## PROMPT
Below are entries; repeat exactly, and nothing else, the lines from the one holding "十大品牌手表女钢带镶钻山度士方形精致小巧轻奢女士手表方块表" through the one holding "continuous line style fireworks vector", inclusive. Leave the pictures out.

*** Block opens ***

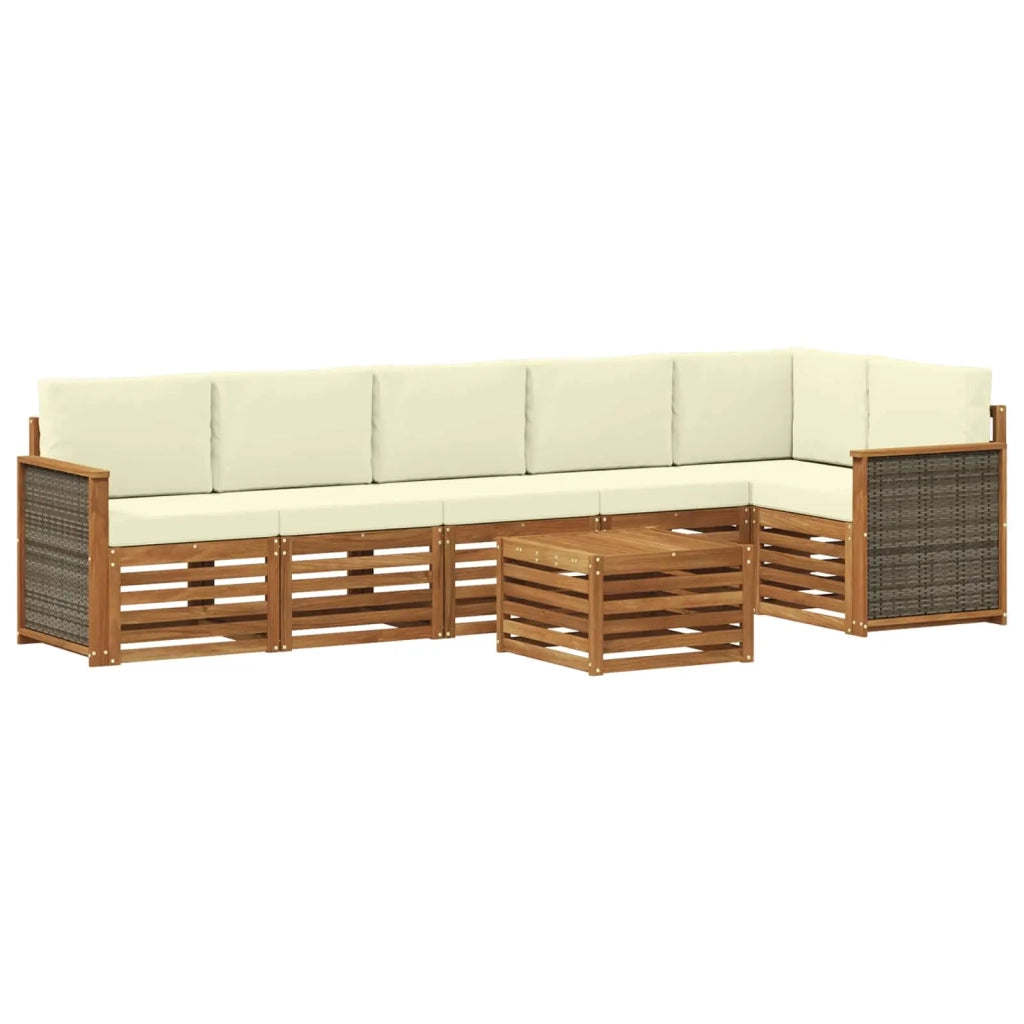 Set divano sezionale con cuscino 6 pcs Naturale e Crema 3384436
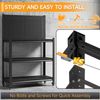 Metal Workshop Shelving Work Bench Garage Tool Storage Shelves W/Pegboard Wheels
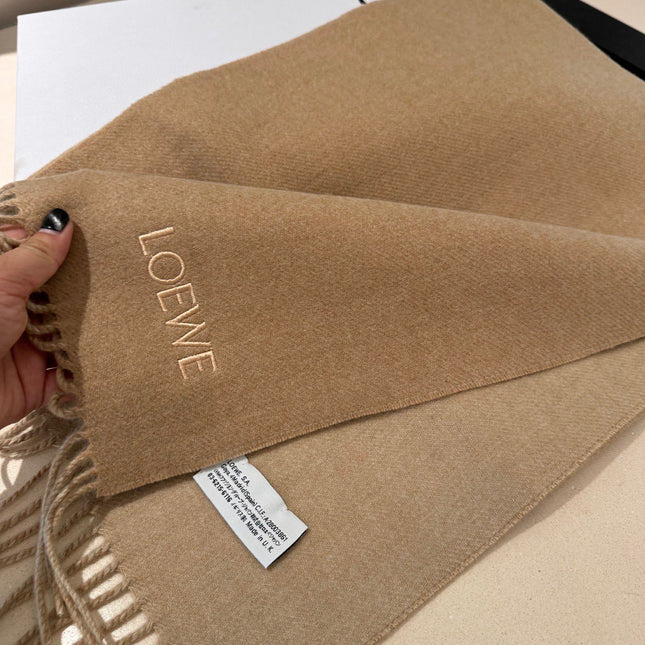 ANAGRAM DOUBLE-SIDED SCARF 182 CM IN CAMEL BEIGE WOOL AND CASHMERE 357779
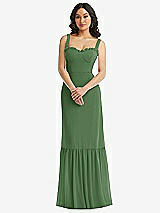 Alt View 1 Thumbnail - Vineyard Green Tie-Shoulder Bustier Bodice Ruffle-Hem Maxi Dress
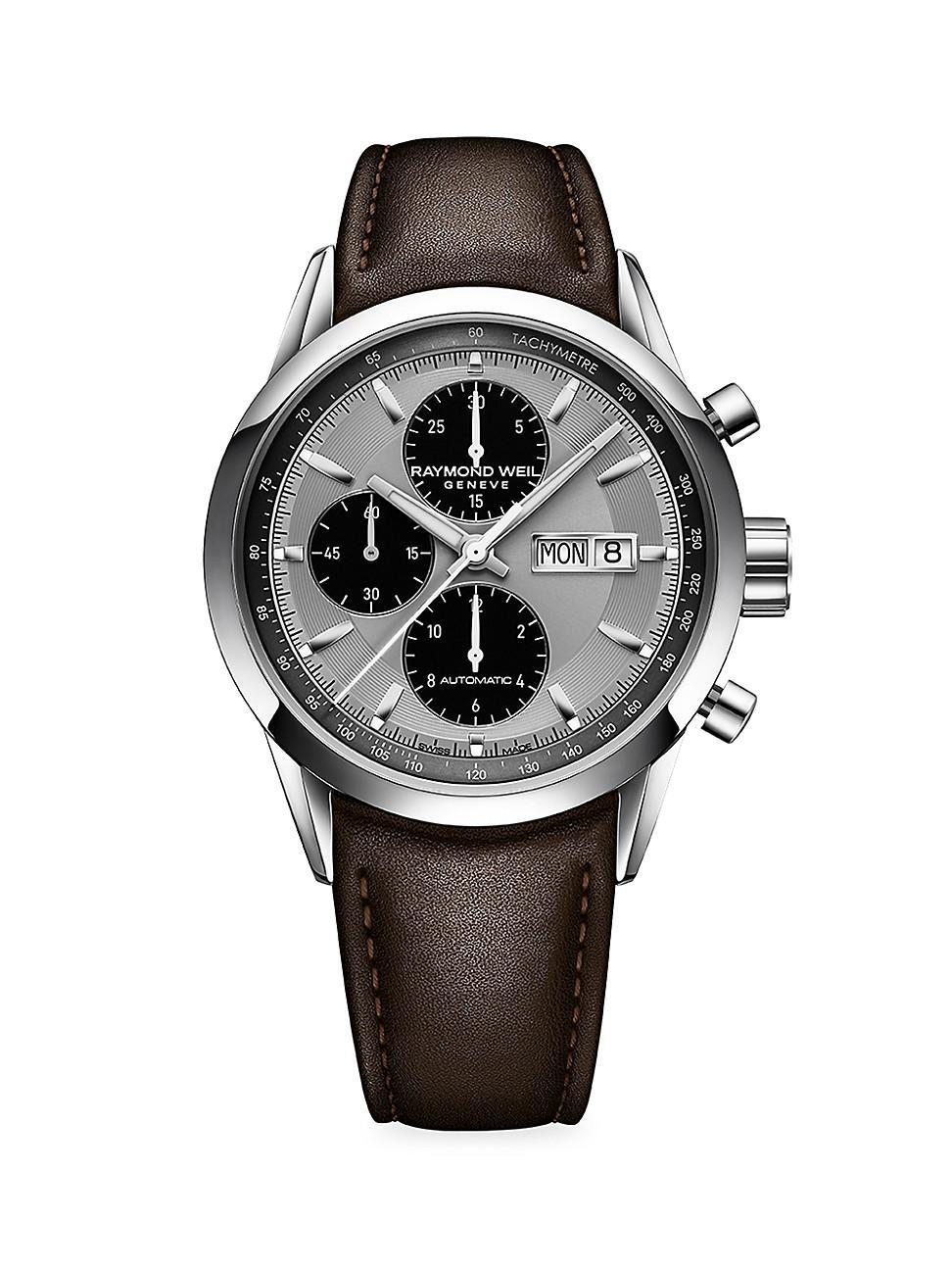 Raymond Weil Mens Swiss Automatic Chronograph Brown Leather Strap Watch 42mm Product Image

*** Block closes ***
*** Block opens ***

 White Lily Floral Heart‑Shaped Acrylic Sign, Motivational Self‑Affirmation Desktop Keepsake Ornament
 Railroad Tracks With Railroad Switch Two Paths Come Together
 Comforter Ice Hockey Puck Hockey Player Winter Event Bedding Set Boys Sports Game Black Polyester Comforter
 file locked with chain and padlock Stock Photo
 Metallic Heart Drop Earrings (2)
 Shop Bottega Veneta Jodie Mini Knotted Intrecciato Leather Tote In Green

*** Block closes ***
*** Block opens ***

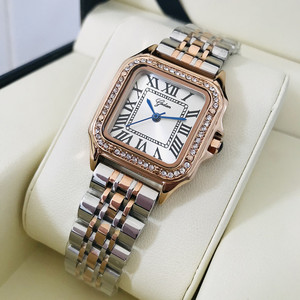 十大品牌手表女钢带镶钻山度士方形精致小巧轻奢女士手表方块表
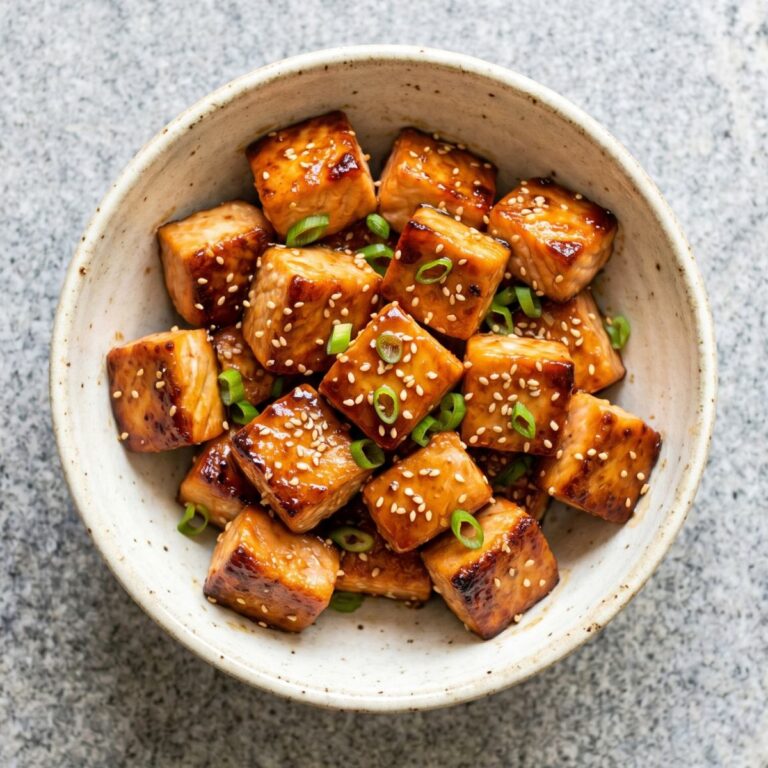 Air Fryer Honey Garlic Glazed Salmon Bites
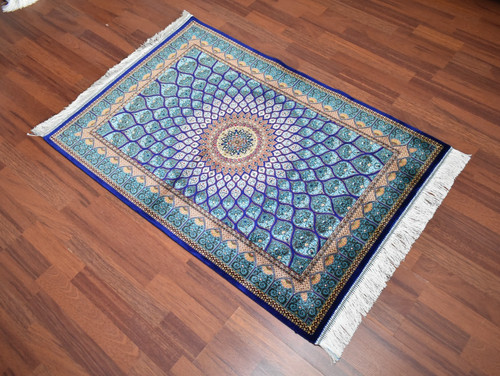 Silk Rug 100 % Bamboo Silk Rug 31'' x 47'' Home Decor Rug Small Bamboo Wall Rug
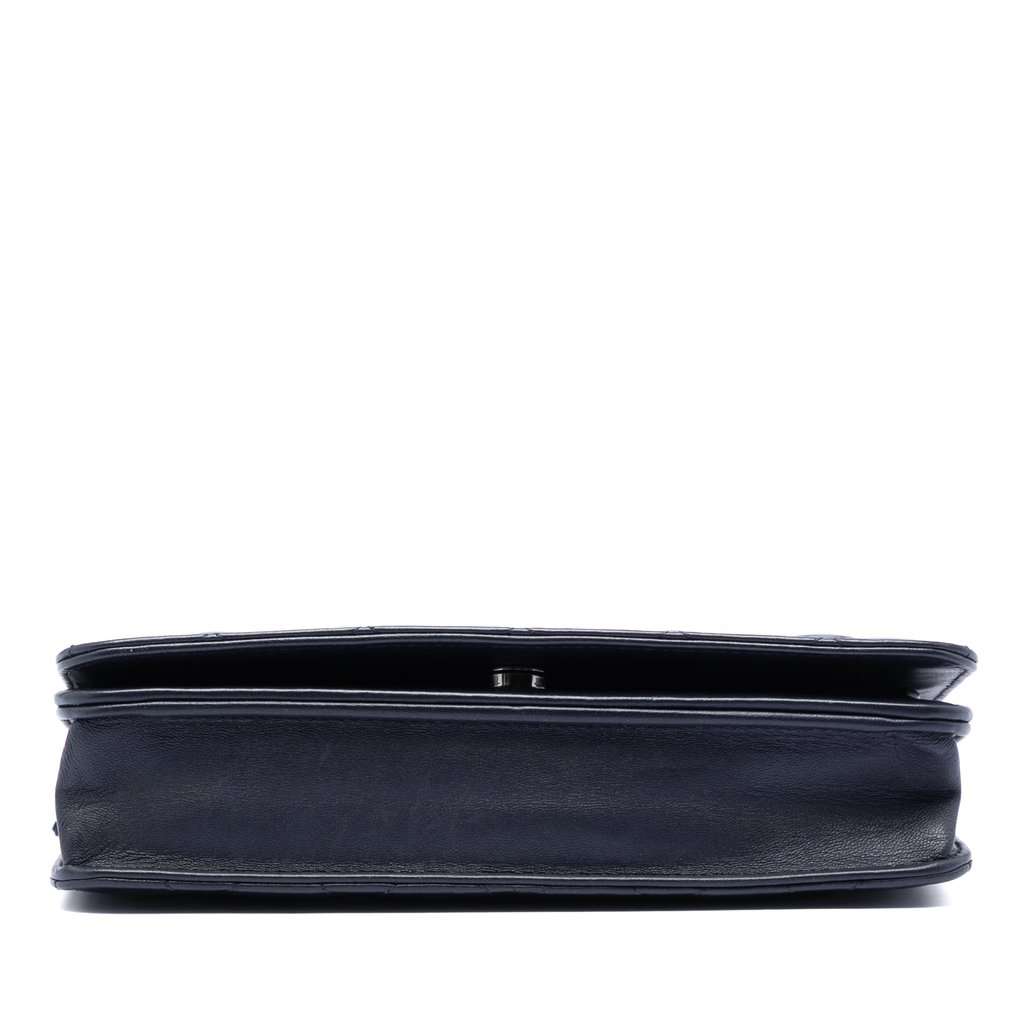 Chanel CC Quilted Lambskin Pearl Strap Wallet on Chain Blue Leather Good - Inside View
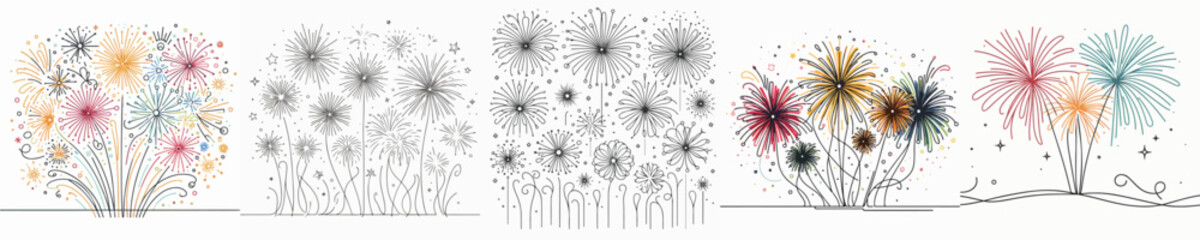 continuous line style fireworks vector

*** Block closes ***

## WRITTEN REPLY
 十大品牌手表女钢带镶钻山度士方形精致小巧轻奢女士手表方块表
 Air Fryer Honey Garlic Glazed Salmon Bites
 Silk Rug 100 % Bamboo Silk Rug 31'' x 47'' Home Decor Rug Small Bamboo Wall Rug
 Chanel CC Quilted Lambskin Pearl Strap Wallet on Chain Blue Leather Good - Inside View
 continuous line style fireworks vector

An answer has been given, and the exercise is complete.